The industrial revolution, Malthusian constraints and modelling


A view of Machester from Kersal Moor, Willian Wylde (1852)

The industrial revolution that occurred in Britain during the mid to late 18th century initiated an unprecedented increase in material living standards that continues today. Before the mid-18th century, income per capita was stable and relatively equal across the world with the emergence of global inequality occurring concurrent with the industrial revolution (see below). 

Gross domestic product per capita depicting data from Maddison (2007)

This has led to the period being known as ‘the great divergence’. As the historian P.H.H. Vries writes:

‘The great divergence in the end, by definition, must boil down to the fact that during its industrialisation Britain escaped from the Malthusian constraints and Smithian limits that characterised (advanced) organic economies’. (Vries 2001 p 423).

This escape from ‘Malthusian constraints’ described by Vries indicates how the industrial revolution caused a considerable change in the relationship between economic activity and the natural environment: from being limited by a dependence on the natural environment, production was now able to accelerate considerably through mineral and fossil fuel exploitation (Thomas 1985). However, although the industrial revolution changed the nature of the production-environment relationship, it did not terminate it; contemporary economic activity remains dependent on the environment. The present-day dependence of production on the natural environment might seem obvious to some, but I believe that the relational shift caused by the industrial revolution has led to a chronic neglect of environmental considerations within mainstream academic economics.

This is particularly apparent within the esoteric subject of economic modeling. Whenever you hear that the IMF or some similar institution has produced an economic forecast, it’s not just the outcome of a bunch of suits sat in a room gazing at crystal balls. These forecasts are produced using mathematical models of that consist of thousands of equations intended to describe the significant relationships within an economic system[1]. Establishing these relationships is a considerable task and therefore a degree of simplification is necessary and, because the natural environment does not overtly limit contemporary economic production, there has been a tendency to ‘simplify’ away environmental factors. Although major commodity prices such as oil and grain are usually included, there is no consideration of soil fertility, water quality, climate or any similar ‘uneconomic’ environmental variables. 

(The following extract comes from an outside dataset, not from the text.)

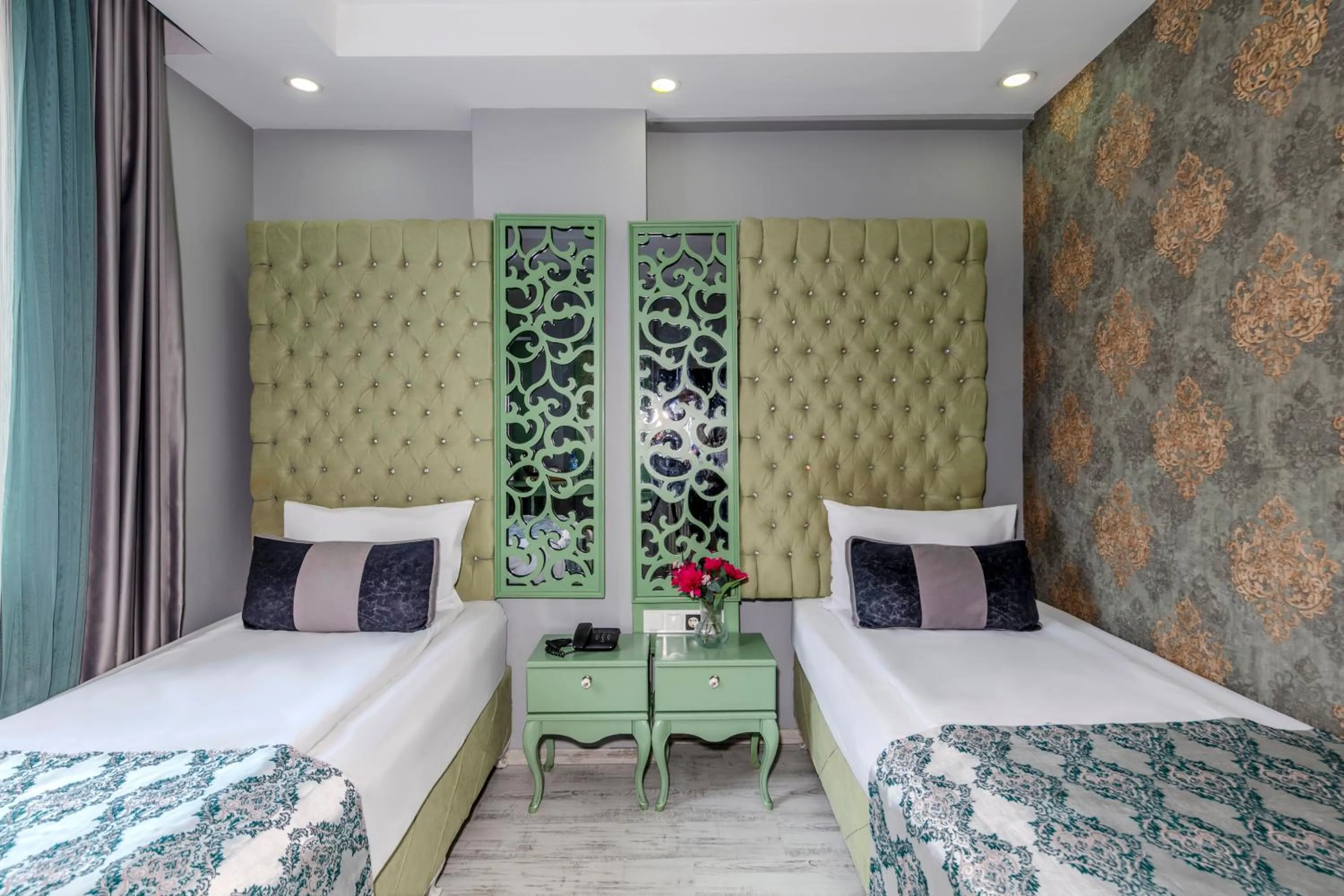 Photo of the whole room, Bed in Green Garden Hotel - Bahçelievler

Such oversight is dangerous. As previously stated, economic activity is still dependent on and impacts the environment. If models are unable to capture how these environmental impacts change in response to economic variation and how these changes feedback into economic systems, the environment is going to remain inadequately considered by policy makers and economies are going to become increasingly vulnerable to external environmental impacts. Thankfully, the environment-shaped hole in contemporary models is being addressed by several projects that are attempting to create new models capturing interactions between economic activity and the environment (for example see Tukker et al 2009 and Peters et al 2011).

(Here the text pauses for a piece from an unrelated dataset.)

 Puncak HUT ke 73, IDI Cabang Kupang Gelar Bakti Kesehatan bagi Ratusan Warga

Although the particular environment-economy relationships included in these new models differ between projects and are often estimated from past data, which risks overlooking threshold effects, their development can only be seen as a good thing as they are challenging orthodox models in which the economy is represented as a self-contained system unbound from the ‘malthusian constraints’ of the environment.  



[1] (sadly more tangible and entertaining models such as the Phillip’s model are no longer used).